# The Orthogonal Complement

1. Nov 4, 2011

### LikeMath

Let M and N be two subsets of a hilbert space H.
What are orthogonal complements of following sets:
1) The union of M and N.
2) The intersection of M and N.

2. Nov 4, 2011

### micromass

So, what did you try already??

3. Nov 4, 2011

### LikeMath

$x\in (M\cap N)^\bot$ means
$<x,y>=0$ for all $y\in M \text{ and } y\in N$ and hence

$x\in M^\bot\cap N^\bot.$. The other direction is obvious, so we get $(M\cap N)^\bot=M^\bot\cap N^\bot$
This is for the intersection, but I strongly think that I had a mistake.

4. Nov 4, 2011

### LikeMath

$x\in (M\cap N)^\bot$ means
$<x,y>=0$ for all $y\in M \text{ and } y\in N$ and hence

$x\in M^\bot\cap N^\bot.$. The other direction is obvious, so we get $(M\cap N)^\bot=M^\bot\cap N^\bot$
This is for the intersection, but I strongly think that I had a mistake.

5. Nov 4, 2011

### micromass

I don't think the other inclusion is obvious.

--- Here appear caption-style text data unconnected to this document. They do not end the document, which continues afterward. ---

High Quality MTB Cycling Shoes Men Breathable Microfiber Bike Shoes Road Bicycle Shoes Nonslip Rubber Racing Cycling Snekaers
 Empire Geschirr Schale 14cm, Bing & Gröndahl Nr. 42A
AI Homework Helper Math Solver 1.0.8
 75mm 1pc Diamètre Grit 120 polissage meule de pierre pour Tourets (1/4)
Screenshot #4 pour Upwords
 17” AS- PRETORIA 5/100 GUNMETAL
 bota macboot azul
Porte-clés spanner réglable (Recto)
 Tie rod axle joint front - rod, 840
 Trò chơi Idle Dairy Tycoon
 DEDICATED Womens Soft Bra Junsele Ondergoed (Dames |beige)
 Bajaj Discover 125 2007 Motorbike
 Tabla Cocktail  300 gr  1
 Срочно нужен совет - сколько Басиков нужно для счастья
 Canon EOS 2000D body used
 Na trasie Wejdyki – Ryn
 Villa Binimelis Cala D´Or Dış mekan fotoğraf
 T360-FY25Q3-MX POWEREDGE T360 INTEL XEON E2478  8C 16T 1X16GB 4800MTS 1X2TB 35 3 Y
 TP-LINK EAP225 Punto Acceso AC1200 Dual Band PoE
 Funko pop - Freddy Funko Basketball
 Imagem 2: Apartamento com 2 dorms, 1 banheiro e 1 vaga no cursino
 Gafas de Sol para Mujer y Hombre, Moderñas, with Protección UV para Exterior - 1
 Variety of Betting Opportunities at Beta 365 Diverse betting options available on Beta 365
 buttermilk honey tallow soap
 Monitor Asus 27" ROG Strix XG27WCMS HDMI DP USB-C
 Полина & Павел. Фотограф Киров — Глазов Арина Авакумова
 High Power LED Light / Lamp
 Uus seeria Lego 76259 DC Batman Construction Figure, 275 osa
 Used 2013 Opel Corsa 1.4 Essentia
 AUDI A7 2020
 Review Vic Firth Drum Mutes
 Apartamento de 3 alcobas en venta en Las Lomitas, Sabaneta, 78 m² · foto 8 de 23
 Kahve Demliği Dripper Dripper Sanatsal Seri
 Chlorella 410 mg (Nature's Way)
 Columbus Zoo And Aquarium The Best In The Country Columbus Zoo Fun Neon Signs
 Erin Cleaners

In fact, I suspect $(M\cap N)^\bot = M^\bot + N^\bot$...

6. Nov 4, 2011

### LikeMath

I do not know what do you mean by the sum of tow sets? and how can I prove that?

7. Nov 4, 2011

### Deveno

one can't, in general, sum two sets, but if we already have an addition defined, then:

A + B = {a+b : a is in A, b is in B}.

8. Nov 4, 2011

### LikeMath

How did you guess that it is the sum of?

since my goal is to reach this equality.

How can we prove it?

9. Nov 4, 2011

### Deveno

normally, to prove 2 sets are equal, you show they contain each other.

10. Nov 4, 2011

### LikeMath

Of course, but I did not manege tp solve it!
On the other hand, $(M\cap N)^\bot=M^\bot+N^\bot$ means $M^\bot+ N^\bot\subset M^\bot\cap N^\bot$, but this seems senseless, does not it?

11. Nov 4, 2011

### Deveno

your definition of $(M\cap N)^\bot$ isn't correct here.

we don't know that <x,y> = 0 for all y in M and y in N, just those y that are in the intersection. if y is in M-N, all bets are off.

12. Nov 4, 2011

### LikeMath

Oh yes, thats the problem. But the problem now how can we prove that
$(M\cap N)^\bot=M^\bot+N^\bot$

13. Nov 5, 2011

### LikeMath

I think we should have some contraintes on M and N, do not I?

Last edited: Nov 5, 2011
14. Nov 5, 2011

### micromass

Yeah, M and N should both be subspaces.